- Team 60 emblem
- Active: 1974 – present
- Country: Sweden
- Branch: Swedish Air Force
- Role: Aerobatic flight display team
- Size: 6 Aircraft
- Base: Ljungbyhed AFB
- Colours: Grey

Aircraft flown
- Trainer: SK 60

= Team 60 =

Swedish Air Force aerobatic demonstration team

Team 60 is the aerobatic demonstration team of the Swedish Air Force.

The team, at the time still unnamed, was formed in 1974 as a group of 4 SK 60 (Swedish Air Force designation for the SAAB 105) from the Air Force Central Flying School at Ljungbyhed Air Base in southern Sweden. The year after another two airplanes were added, and in spring of 1976 the first display under the new name Team 60 was flown in Gothenburg.

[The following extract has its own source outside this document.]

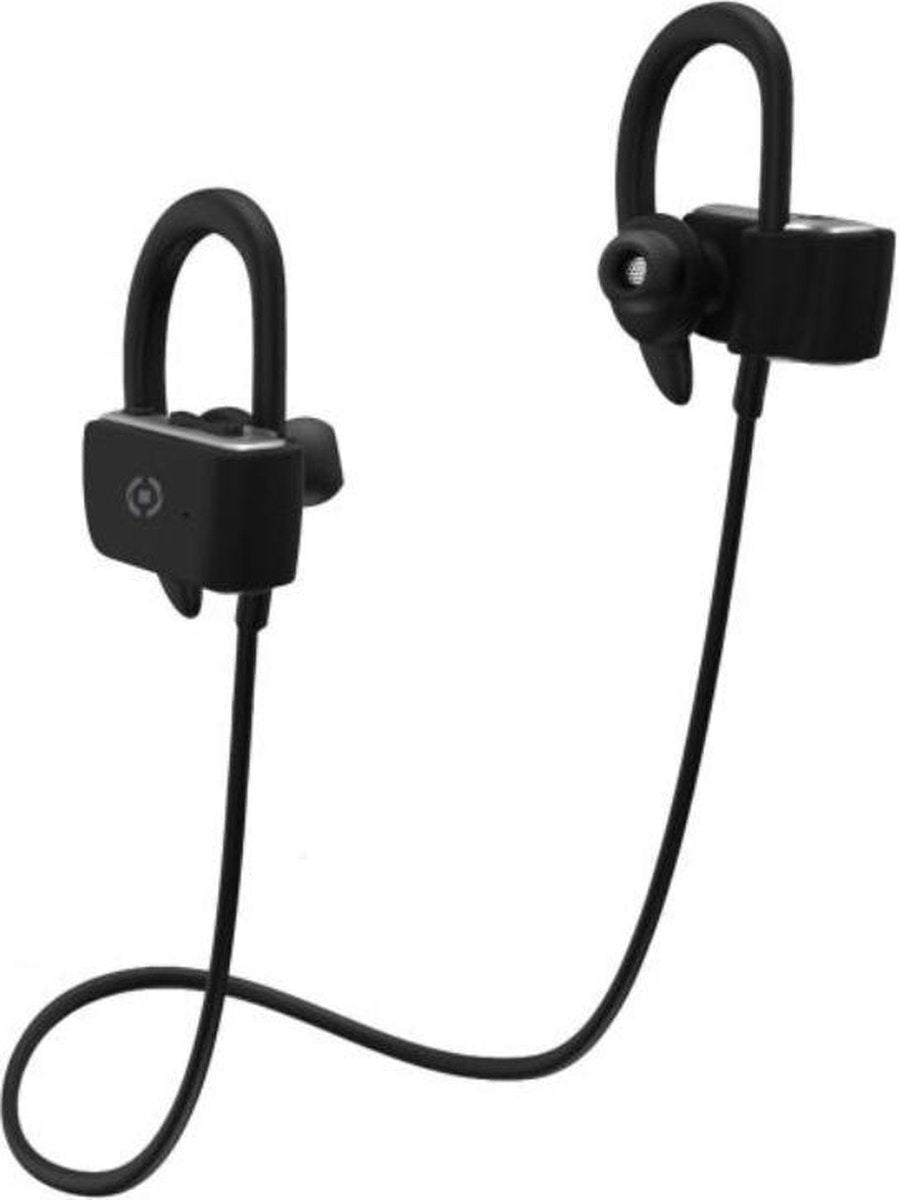 Bluetooth Sport Pro Oordopjes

The unofficial name of the group while they were based at Ljungbyhed AB was "En sexa Skåne", which translate to "six centilitres of Scania Akvavit" in English. Ljungbyhed AFB is situated in the county of Skåne (Scania in English) and Skåne is also a popular kind of Akvavit at the typical Scanian Smorgasbord. There are six airplanes in the group and 6cl is a typical Swedish snaps. The group also terminated some of their shows by doing a snaps glass with smoke in the air.

Although occasionally being reduced to four, the team flies with six airplanes based at Malmen Airbase near Linköping.

Unlike some other air force display teams, the team members are not full-time display pilots but in most cases senior flight instructors from the Swedish Air Force.